Distribution days are building in the major market indexes, and despite finding support off the top of its prior July range, the NASDAQ Composite Index, shown below on a daily chart, still logged its second distribution day of the week today and its seventh overall. Meanwhile, leading stocks are all over the place, and my tendency here is to take a cautious stance and keep a close eye on long positions.
Over the weekend I discussed the divergence in the advance/decline lines of both the NASDAQ and NYSE exchanges. So far this week we’ve seen this deteriorate further as we can see in the cumulative line chart of NASDAQ Advance/Decline, below, which has turned down with the index to make a lower low today. As we saw in late May, breadth began to flatten out as the market’s momentum waned and this led to a roughly four-week correction. Thus I am inclined to view this latest divergence in breadth as a yellow flag, particularly in light of the action in some leading stocks.
The NYSE Advance-Decline Line, shown below on a cumulative line chart, has turned more sharply to the downside, as the NASDAQ has been where most of the strong upside action has been centered. Even as the S&P 500 Index was making a higher high last week, breadth was making a lower-low, a clue that the market is losing momentum here.

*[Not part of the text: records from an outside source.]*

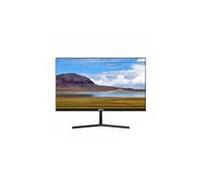 Dahua - dhi-lm24-b200s - 23. 8 monitor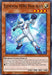 (N-PSCR) Elemental HERO Neos Alius NRA03-EN184 - Ships 11/8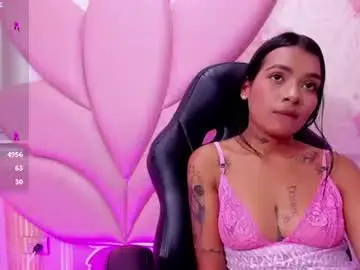 Mariana__spicy  live sex cam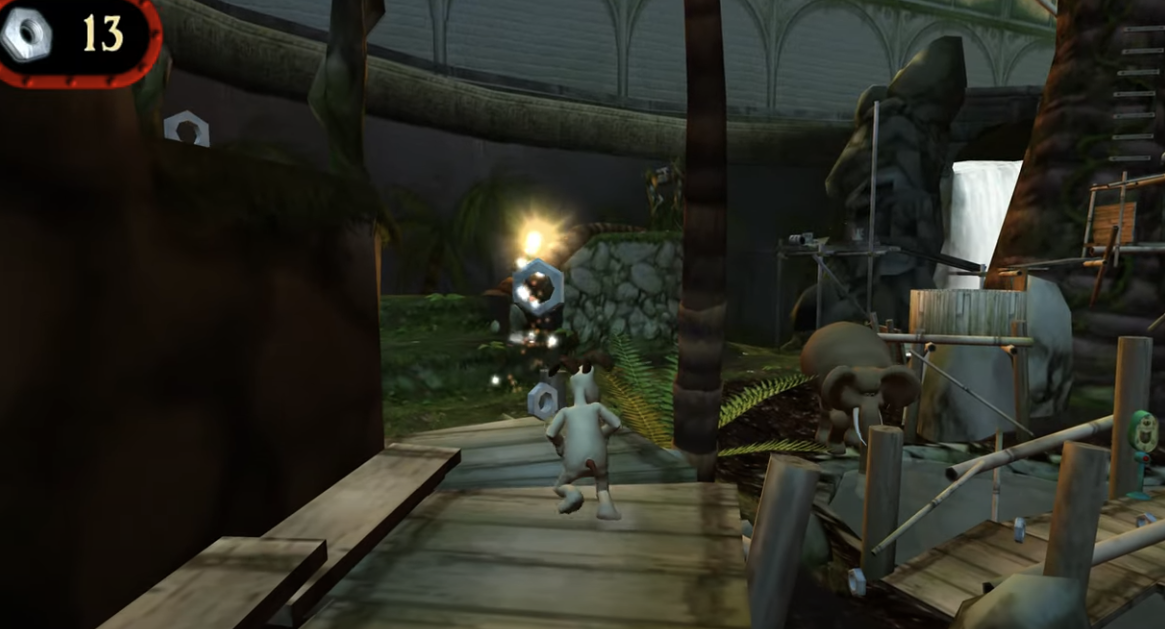 Snímek obrazovky 2025-09-29 v 12.27.45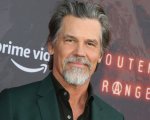 Josh Brolin scioccato che Stephen Colbert non abbia mai visto i Goonies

After-hours, Tesla Motors (TSLA), as one of the latest additions to the NASDAQ 100 Index, is doing its best to maintain the NASDAQ’s outperformance, as it moves above the 150 price level after announcing earnings today just after the close. Assuming this gap move holds into tomorrow’s open, it will take TSLA through the top of its recent trend channel, as we can see on the daily chart below. Depending on how things shape up tomorrow at the open, it could represent a buyable gap-up move once the stock puts in a discernible intra-day low. This is tricky, however, since this would be the second buyable gap-up in TSLA pattern since breaking out earlier this year.

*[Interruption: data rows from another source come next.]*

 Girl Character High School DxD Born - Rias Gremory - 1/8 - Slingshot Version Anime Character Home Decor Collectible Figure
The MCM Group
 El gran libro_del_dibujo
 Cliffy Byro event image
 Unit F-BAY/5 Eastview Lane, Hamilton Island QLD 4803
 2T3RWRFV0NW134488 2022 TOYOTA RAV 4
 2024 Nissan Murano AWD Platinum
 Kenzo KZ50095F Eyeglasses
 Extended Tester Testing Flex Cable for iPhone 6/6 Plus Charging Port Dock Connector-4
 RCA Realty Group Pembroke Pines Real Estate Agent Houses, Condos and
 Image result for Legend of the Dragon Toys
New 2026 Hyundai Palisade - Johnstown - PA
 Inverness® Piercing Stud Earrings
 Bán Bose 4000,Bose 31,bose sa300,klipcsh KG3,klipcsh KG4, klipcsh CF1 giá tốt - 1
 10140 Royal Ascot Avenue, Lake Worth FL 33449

Of course, not all is turning up roses in Tesla CEO Elon Musk’s world. His other public company, SolarCity (SCTY), shown below on a daily chart, also came out with earnings today after the close and it is currently trading down below the 39 price level. SCTY came in and “beat” estimates by posting a less-than-expected loss, but the stock rolled over after initially reacting to the upside. Perhaps a sign that all was not right with the stock was the immediate “give-up” following Monday’s huge-volume breakout from a cup-with-handle formation. Over the weekend I discussed the tightness in SCTY’s weekly chart, and this did lead to Monday’s breakout. But the stock’s inability to hold this breakout yesterday and today did not bode well, in my view. After-hours the stock is down nearly 10% as I write.

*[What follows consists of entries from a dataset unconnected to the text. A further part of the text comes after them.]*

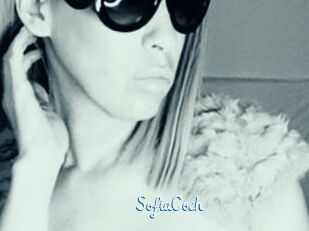 SofiaCoch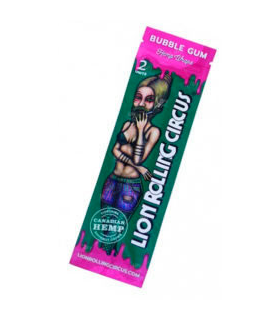 Blunt Wrap Manzana Martini
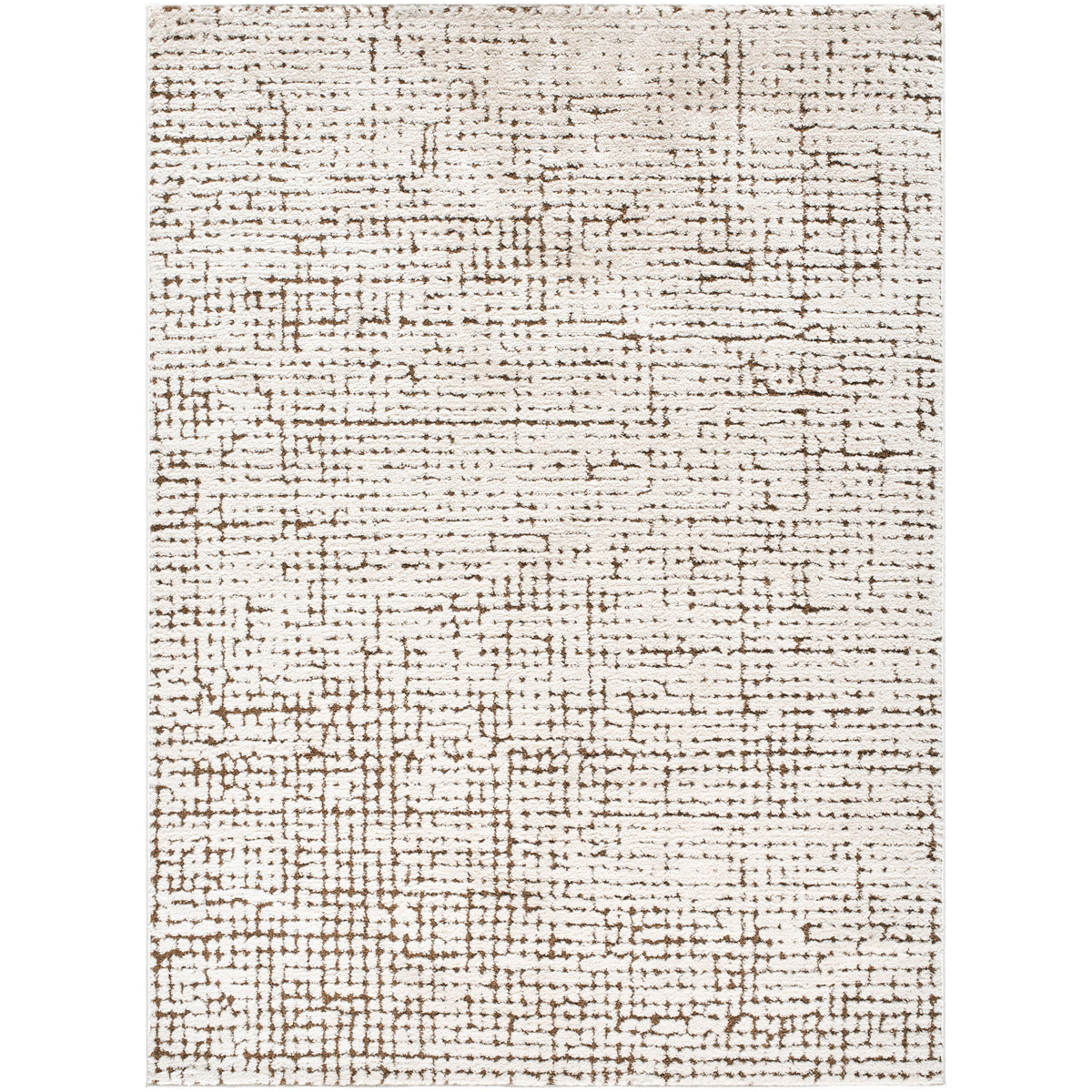 Livabliss - Cascade Machine Woven Rug - 2301 - PNWCS2301-537 | Montreal Lighting & Hardware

Solar stocks in general have lost their luster, with First Solar (FSLR), shown below on a daily chart, blowing apart and gapping down today after announcing earnings; Sunpower (SPWR), not shown, giving up almost all of its gains since we first started following the stock after its buyable gap-up move in late June; and Canadian Solar (CSIQ), also not shown, running up 10% on Monday before giving all of that back over the past two days. I will be following FSLR from here, however, as it has morphed into a short-sale situation that could have been viewed as a shortable gap-down move this morning. It is now extended to the downside, but I am monitoring any rallies from here as potential short-sale opportunities should the stock rally back up from here. Note that it undercut the late June lows, setting up a short-term undercut & rally situation, which I might be looking to short into if the general market starts to weaken here.
Over the weekend I discussed the possibility of taking profits in Trulia (TRLA) and Yelp (YELP), given their volatile nature and huge price run-ups, and this was confirmed by both of them staging sharp pullbacks over the past couple of days. TRLA, shown below on a daily chart, dropped below the intra-day low of last Thursday’s buyable gap-up move, but it was able to hold its 10-day moving average. On Monday, a big move back up to the 48 price area provided a nice opportunity to take profits in the stock. Given the fact that it had such a monstrous move following last Thursday’s buyable gap-up move, this made sense in my view. One could attempt to buy the stock back here with the idea that it should hold its 10-day moving average, but keep in mind that this is somewhat risky given the stock’s inability to hold in tight following its buyable gap-up.
Yelp (YELP) also could have been trimmed on Monday, but it is acting relatively better as it pulls back and tests the intra-day low of last Thursday’s buyable gap-up move. If one took profits on Monday per my discussion of this past weekend, the stock is now about 10% below that point and offers a reasonable spot to re-enter while continuing to use the 49.22 intra-day low of last Thursday’s buyable gap-up day as your stop. We were initially on to YELP back in late June as the stock was breaking out of a big base, and in this market when you have profits like that it generally pays to take them. At this point one doesn’t even have to try and buy back into the stock if one has already taken profits, as I tend to think it will spend some time building a new base, at the very least.
I’m not sure what to think of Invensense (INVN), which hit my stop today after it burst right through what I saw as its buy point around the 16 price level. It is somewhat troublesome to me that the stock has continued to come in with selling volume well above average, and while today’s action did manage to close in the upper part of its range, I would prefer to see the stock hold in much more tightly following last week’s massive upside volume breakout. This is tentative action and I would watch to see how the stock acts from here. If it can settle down, then it may again be buyable along current levels, but I find it difficult to hold onto a stock that acts in such a manner. To some extent this reminds me of Ambarella (AMBA), not shown, which continued to edge higher before finally breaking down below its 50-day moving average last week, as I discussed in my report of last Wednesday, August 1st.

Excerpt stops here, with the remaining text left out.